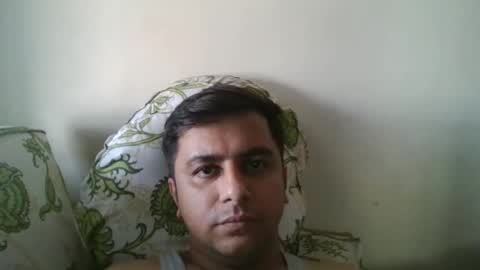 Snapshot of rahuldave007 chatting on 02-13-26, 09:27 Dave online show from 02-13-26, 09:27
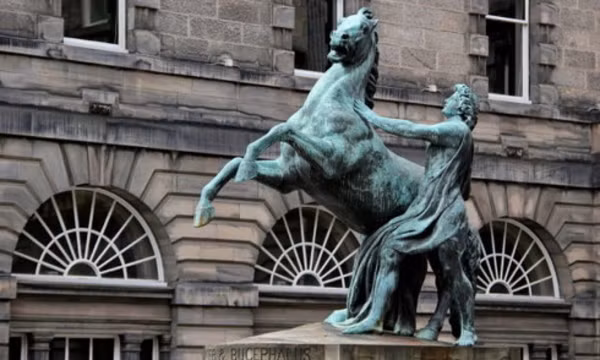 Tượng của Alexander Đại đế và chiến mã Bucephalus ở Scotland. Ảnh:War History.
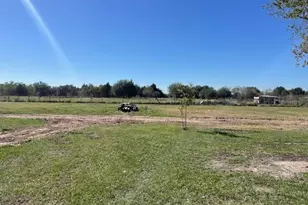 17520 Julia Ave, Needville, TX 77461 - Photo 11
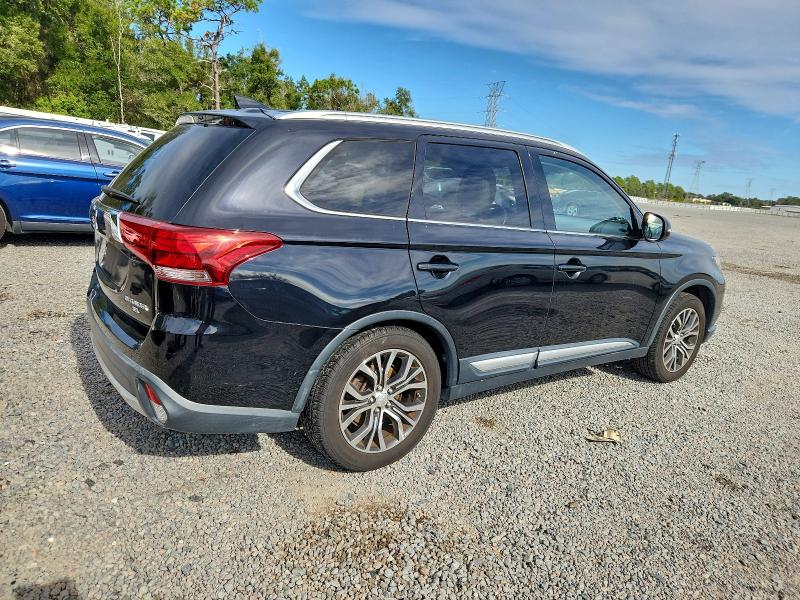 Photo 3 from auction – 2017 MITSUBISHI OUTLANDER with VIN JA4AD3A38HZ010666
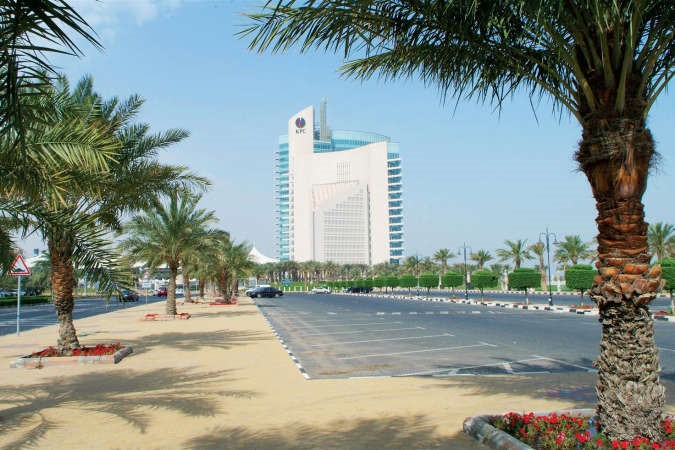 مؤسسة البترول وشركاتها التابعة تدخل السنة المالية20152016 بتخفيض حاد في مصروفاتها التشغيلية 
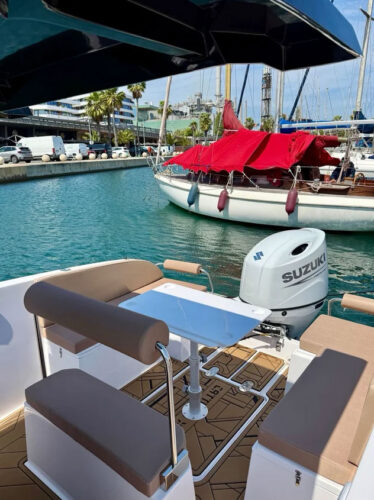 Motorboat Cattleya X6 Barcelona 7
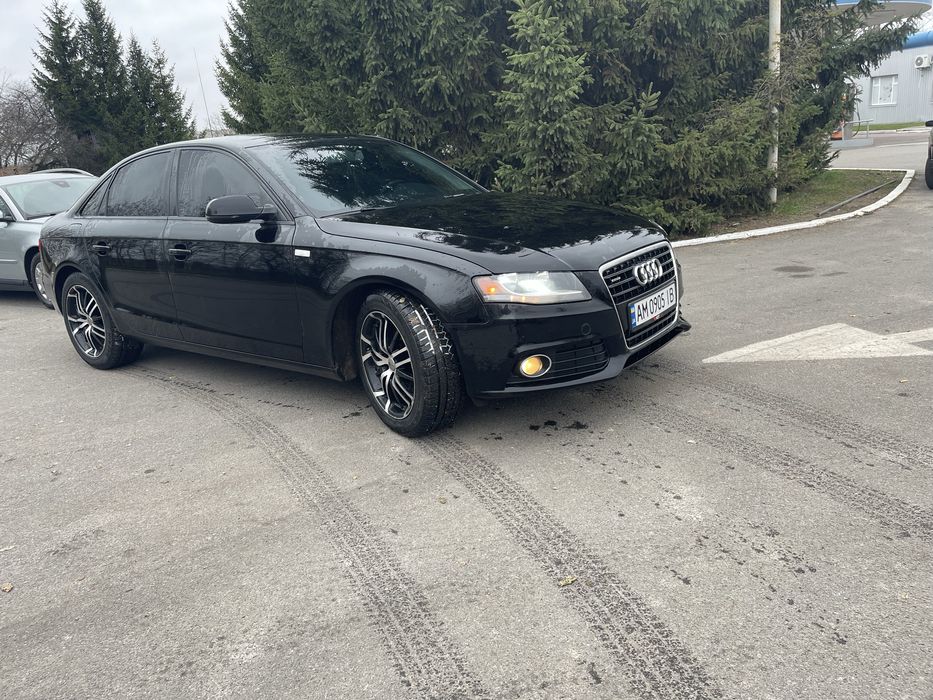 Ауді А4 2012рік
-----
The problem: The copy must start at the line containing "مؤسسة البترول وشركاتها" and end at the last line of the records, matching each line exactly and holding no pictures.

Written reply:
 مؤسسة البترول وشركاتها التابعة تدخل السنة المالية20152016 بتخفيض حاد في مصروفاتها التشغيلية 
 Motorboat Cattleya X6 Barcelona 7
 Ауді А4 2012рік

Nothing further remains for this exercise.